Timothy Hutton plays Christopher Boyce and a highly unrecognizable Sean Penn plays Daulton, both California kids from well-to-do families and former altar boys. Boyce chose a vocation with the ministry and then opted out, though the reasons remain unclear. He goes out in the wilderness and sends his pet falcon to fly around catching birds. Daulton is a mess, a nervous wreck of a kid who goes out on drug deals in Mexico and does nothing else worthwhile in his life. Both of these 22-year-olds live with their parents and are best friends. Boyce's father is a retired FBI agent (fabulously played by Pat Hingle) and gets his son a job at RTX, a defense contractor in a separate, cryptic (in every sense of the word) section called the Black Vault. This is a secretive room within the building's confines that employs a Vietnam Vet (Dorian Harewood) and a flirty, engaging woman (Mady Kaplan) as they monitor CIA cables being sent and addressed to NSA regarding world affairs. Boyce can't stop himself from reading these cables and finds there is a wide U.S. surveillance using intricate satellite systems, specifically zoning in on Australia with regards to the prime minister. Clearly a lot of these cables are not meant for mainstream news thanks to national security.

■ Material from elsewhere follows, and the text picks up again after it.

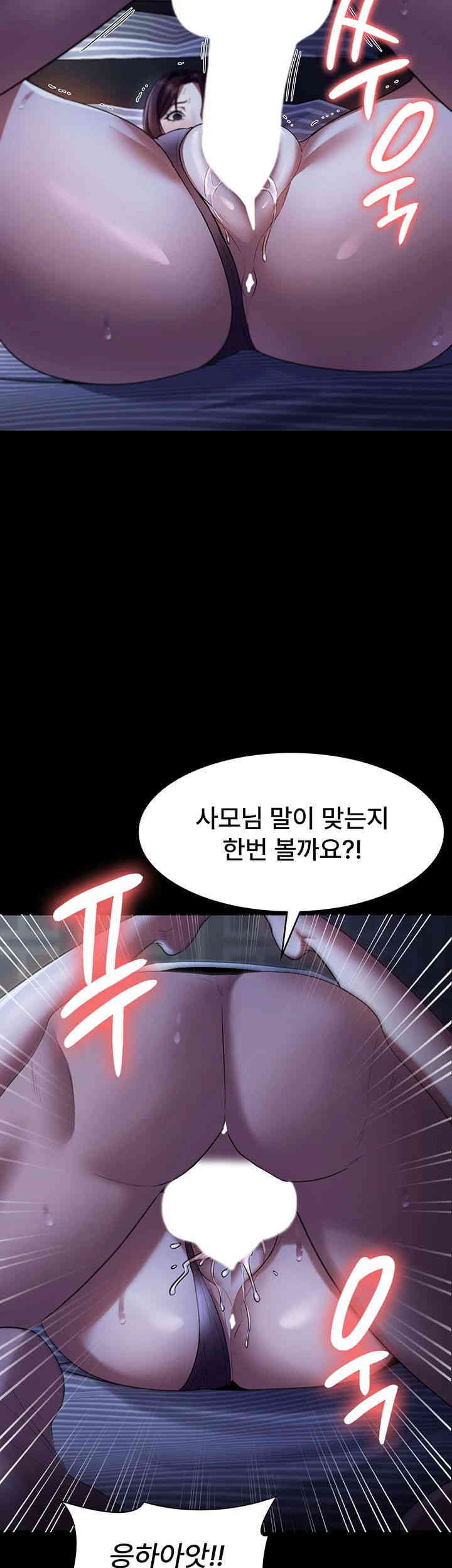 The Chairman’s Wife Raw - Chapter 11 [photo 18] - MangaPorn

"The Falcon and the Snowman" is based on Robert Lindsay's novel and is exceedingly good, spine-tingling filmmaking. It has nerve, poise and an attitude about spying as a generally slow-moving, intricate and dangerous process. Hutton's Boyce decides it is a good idea to sell some secret documents and codes to a Russian embassy in Mexico. Guess who the courier is? Why none other than Penn's Daulton who at first scoffs at the idea of selling top secret documents to an embassy for a then-Soviet Communist country. "I am a patriot...and proud of it," says Daulton. Daulton seems to have no political ideals though he is aware of dire political situations in the past, like the socialist Allende elected to Chile's government. Paranoid Daulton does it for the money, while Boyce is doing it out of some far-reaching idealism I couldn't quite fathom. His eyes are opened to the NSA's practices of trying to influence elections and foreign governments by spying on them. This is what Boyce can't get a grip on and somehow feels he has to let the embassy know they are watched. The boys are complete amateurs and yet, as voiced by David Suchet as Alex, a KGB agent, "the minute you took money, you became a professional."
While watching "The Falcon and the Snowman," one becomes aware how these two professionals are anything but. Boyce just has to tell Daulton about the secret inner workings of our government. Daulton often lets the cat out of the bag to women friends and even to his own disbelieving family! Daulton also makes himself a prime target to the Russians by waltzing in to the embassy, sometimes climbing the wall to get in (who knew it could be that easy). That's what makes this movie potent and fully charged in its energetic storytelling - these are just kids who eventually realize they are playing with fire and it will lead to their inevitable downfall. Hutton shows the sullenness of Boyce - he's smarter and alert to what he's doing and to whom yet there is a fundamental loss of understanding I had about him. Is it really ideals or does he realize during this late 1970's period of Nixon and Watergate and Vietnam that disillusionment has settled in and he has nothing to lose? With Penn's Daulton, he just becomes a coked-up freak who is imbecilic and suffers pain and torture in the process before being arrested by the FBI. Despite becoming professional spies, they are still amateurs.